Emergency policies often serve a short-term humanitarian, political, or security purpose but often distort and have other unintended consequences on long-term development. Such policies may even conflict with some of the other premises for effective reconstruction, as, for example, the need to channel funding through the government budget since this may significantly delay the process to the point that it may be impossible to prevent disaster.

Delays in approving disbursement of funds in the immediate transition to peace and misguided priorities to wait for the country to have higher absorptive capacity – reflecting the development-as-usual approach of multilateral and bilateral development organizations – have often impeded effective reconstruction and led the country back to conflict.

Giving priority to crisis-affected groups

In post-crisis situations, policymakers often need to put aside the guiding “equity” (or development) principle – that is, treating equally all groups with the same needs – in favour of the “peacebuilding” (or political) principle, which justifies giving special treatment to groups most affected by the crisis, even in the presence of others with similar needs.

Thus, for peace to be long lasting, economic reconstruction policies should be targeted toward decreasing the grievances of those groups most affected by the conflict. Going forward, programs should be carefully designed so as to include women, children, and youth that were involved as combatants and were victims of specific violence against them during the conflict and are often neglected in reintegration and in other programs.

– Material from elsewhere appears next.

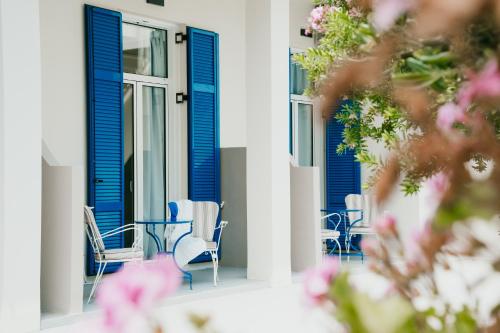 ทัศนียภาพ, พาราไดซ์ อาร์ต โฮเต็ล (Paradise Art Hotel) in แอนโดรส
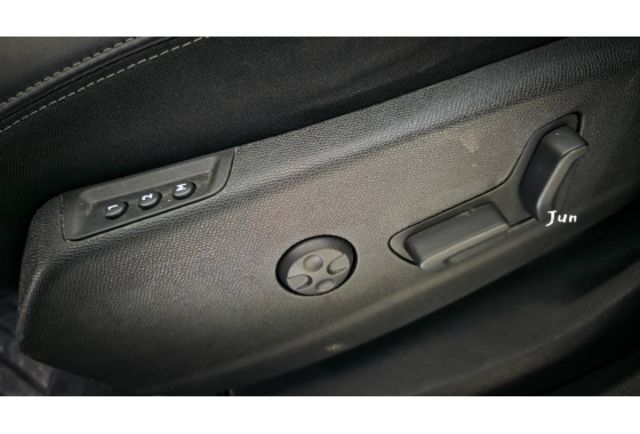 Peugeot 3008  第10張相片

Utilizing aid effectively, reining in the international community and ensuring national policy ownership

Due to the large volume of aid, technical assistance, and foreign troops in the post-conflict context, it is inevitable that the political involvement of the international community in the internal affairs of these countries be intense and intrusive.

Under normal development, such level of foreign political involvement would be considered an unacceptable interference with national sovereignty. At the same time, the large physical presence of the international community in the reconstructing country often creates serious economic distortions.

Moreover, due to the large involvement of foreign interveners, national ownership in the post-conflict context, which is key to the successful implementation and sustainability of reconstruction policies, is difficult to achieve. Policies should not be imposed from abroad or even by unrepresentative elites within the government. It is up to national leaders to design policies, set up priorities, and build up broad support for them at the national and local levels. National ownership, national capacity and ingenuity, and national consensus building are essential elements to sustain the peace. At the same time, national leaders need to ensure support of donors to be able to implement their policies. A difficult balance indeed!

Premise 3: Economic policies and institutions must be simple, transparent, flexible, and realistic

Despite their scarce human resources, technical capabilities, and infrastructure, countries in the transition from war must establish as soon as possible a basic framework for macroeconomic policymaking as well as the microeconomic foundations to create an appropriate legal and regulatory framework for investment, production, and trade. In such circumstances, it is unrealistic and certainly counterproductive to create a framework that is too complex and requires expertise and resources that the country does not have and may not expect to have for a long time.

At the same time, countries should avoid policies that may be optimal for countries during normal development, such as the independence of the central bank and other restrictive monetary or fiscal policies, that will limit options for governments to implement and finance key peace-related programs and to gain legitimacy. Within reason, policies directed towards productive investment, including food production to replace imports, in economies with large excess capacity would not need to be inflationary. Governments need the option to do it through their own domestic resources if need arises to avoid relapse.

Since the establishment of clear and stable property rights is a precondition for investment, policymakers need to address this issue head on. The experience of several conflict-affected countries has illustrated how property rights issues can be very different across countries. In some, the issue is “backward looking,” which means that rights have to be established and registries have to be updated, something that requires technical and financial support. In others, the issue is “forward looking” since investors are not sure what will happen when legitimate authorities assume power. Uncertainty about property rights in such cases is normally paramount in discouraging investment.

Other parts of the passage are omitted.